AP Real Estate Writer

POSTED:
LAST UPDATED: 01:20 a.m. HST, Sep 20, 2013


Average U.S. rates on fixed mortgages declined this week amid signs the economic recovery is slowing.

Mortgage buyer Freddie Mac said Thursday that the average rate on the 30-year loan fell to 4.50 percent from 4.57 percent last week.

The average on the 15-year fixed mortgage dipped to 3.54 percent from 3.59 percent last week.

The retreat in the average rate of a 30-year mortgage comes just a couple of weeks after the rate reached a two-year high of 4.58 percent on Aug. 22. The average rate on a 15-year mortgage also hit a two-year high -- 3.60 percent -- that day. Overall, mortgage rates remain low by historical standards.
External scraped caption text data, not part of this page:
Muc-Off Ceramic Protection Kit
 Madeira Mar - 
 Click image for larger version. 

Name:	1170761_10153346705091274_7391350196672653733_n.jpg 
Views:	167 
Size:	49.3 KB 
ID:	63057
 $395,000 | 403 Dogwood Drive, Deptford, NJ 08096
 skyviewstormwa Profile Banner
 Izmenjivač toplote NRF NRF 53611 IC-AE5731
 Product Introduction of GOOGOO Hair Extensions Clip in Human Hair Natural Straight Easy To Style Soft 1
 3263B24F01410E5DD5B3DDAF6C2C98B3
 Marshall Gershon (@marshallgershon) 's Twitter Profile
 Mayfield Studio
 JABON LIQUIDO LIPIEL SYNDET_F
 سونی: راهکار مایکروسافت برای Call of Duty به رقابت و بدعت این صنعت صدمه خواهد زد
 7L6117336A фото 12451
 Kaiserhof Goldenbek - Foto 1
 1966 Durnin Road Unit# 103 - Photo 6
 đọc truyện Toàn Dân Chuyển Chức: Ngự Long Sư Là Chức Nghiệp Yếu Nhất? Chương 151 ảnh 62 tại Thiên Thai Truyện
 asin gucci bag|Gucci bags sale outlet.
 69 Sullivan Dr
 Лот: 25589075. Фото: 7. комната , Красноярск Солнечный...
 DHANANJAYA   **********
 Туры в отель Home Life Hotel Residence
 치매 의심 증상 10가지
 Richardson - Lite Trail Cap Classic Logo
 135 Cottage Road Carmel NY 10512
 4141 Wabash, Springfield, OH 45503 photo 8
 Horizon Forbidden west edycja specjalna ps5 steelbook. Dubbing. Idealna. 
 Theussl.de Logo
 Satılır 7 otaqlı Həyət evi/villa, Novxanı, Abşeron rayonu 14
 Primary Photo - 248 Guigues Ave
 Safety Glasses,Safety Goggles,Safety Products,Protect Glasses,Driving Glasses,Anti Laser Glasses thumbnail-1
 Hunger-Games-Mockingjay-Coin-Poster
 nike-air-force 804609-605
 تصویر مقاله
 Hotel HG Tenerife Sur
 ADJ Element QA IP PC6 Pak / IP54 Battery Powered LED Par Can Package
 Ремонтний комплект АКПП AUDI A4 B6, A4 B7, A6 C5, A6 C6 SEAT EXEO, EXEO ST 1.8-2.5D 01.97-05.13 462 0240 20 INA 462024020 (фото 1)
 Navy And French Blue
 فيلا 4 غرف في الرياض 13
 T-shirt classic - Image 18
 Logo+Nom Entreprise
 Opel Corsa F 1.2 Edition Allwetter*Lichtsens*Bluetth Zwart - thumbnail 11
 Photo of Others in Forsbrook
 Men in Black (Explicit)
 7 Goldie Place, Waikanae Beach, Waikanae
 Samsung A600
Long-term mortgage rates have risen more than a full percentage point since May, when Fed Chairman Ben Bernanke first signaled that the central bank could begin reducing its monthly $85 billion in bond purchases this year if the economy looked strong enough.

The purchases have been intended to keep long-term loan rates extremely low to encourage borrowing and lending. Mortgage rates tend to track the yield on the 10-year Treasury note.

Many economists had expected the Fed would to decide at its policy meeting this earlier this week to scale back the bond purchases. But on Wednesday, the central bank voted to continue the bond-buying program at the current levels.

It also cut its economic growth forecasts for this year and 2014, warning that the upcoming debt ceiling and budget battles between the White House and Congress could pose risks to financial markets and the economy.

Growth and hiring remain modest by the standards of a robust economic recovery.

Employers have added an average of 180,000 jobs a month this year, about the same as last year and in 2011. From April through June, the economy grew at a 2.5 percent annual rate, little changed from its 2.8 percent rate in the quarter when the Fed began its bond buying.

Concerns over the possibility that interest rates will continue to rise have spurred some homeowners to close deals quickly.

U.S. sales of previously occupied homes rose 1.7 percent last month to a seasonally adjusted annual rate of 5.48 million, the National Association of Realtors said Thursday. That's the highest level since February 2007.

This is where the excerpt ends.